В душной парижской комнатенке, почти вчера, мучительно стремясь ночною своей мыслью в недосяжимую Россию, я перечитывал рассказ Тургенева ‘Стучит’. Та страница, где он говорит: ‘пока я спал, тонкий туман набежал…’, мгновенно перенесла меня в Россию, и стих, проснувшись во мне, обвил эту страницу, как плющ обвивает ствол дерева.
СТУЧИТ
Спал и не спал я. Проснулся. Гляжу.
Месяц повис беловатым пятном,
Дымно косит на пустую межу.
Небо глядит опрокинутым дном.
Все потускнело. Сереет кругом.
Всюду поля — и поля, и поля.
Кустики, вехи, оврага излом.
Ветер вздыхает, травой шевеля.
Сорной травою покрылась земля,
Месяц глядит, как изломанный щит.
Гомон угрозный томительно для,
Где-то телега стучит и стучит.
Кто-нибудь был или будет убит?
Посвист разбойников ветер донес.
Русь — океан? Расплескался в нем кит?
Или стучит это — бегство колес?
Тучей свиваясь, несчитанность слез
Льется в бряцанье и смех бубенцов.
Кровью — речной обозначился плес.
Смертью — на пустоши полнится ров,
Будет ли это во веки веков?
Небо да будет лазурный нам щит?
Сердце, стремясь до родных берегов,
Кровью — последнею кровью — стучит.
Пять у нас великих мастеров сказующего слова, мастеров художественной прозы: Гоголь, Аксаков, Тургенев, Достоевский, Толстой.
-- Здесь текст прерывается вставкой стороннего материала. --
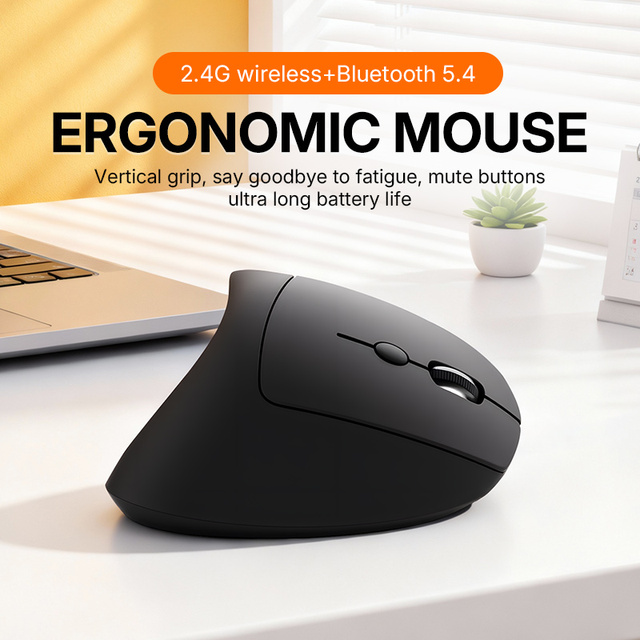 Wireless Vertical Ergonomic Optical Mouse Sync Technology 6 Buttons Both Hands Modern Office Supply Comfortable Soft Stock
О Пушкине и Лермонтове, как повествователях, должно говорить особо. Каждый из этих пяти воплощает в себе одну из основных черт многообразной и первородно-богатой русской души. Гоголь — ее волшебствующая магия, Аксаков — благолепная истовость ее созерцательности, Достоевский — ее разоблаченная бездна, мука и радость сострадания, прорицание провидческое, Толстой — ее земная тяга, богатырь земли, Святогор в гробу, который раз дохнет, силы придаст, — а еще дохнет, и будет это мертвый дух. Но есть еще одно свойство русской души, которое делает ее странно-особенной среди разных европейских душ. Русская душа застенчива, и это ее пленительность. Тургенев — застенчивость русской души.
Clamart, 1933. 19 мая
—————————————————————————————-
Впервые опубликовано: ‘Последние новости’, Париж, 1933, 15 и 22 июня.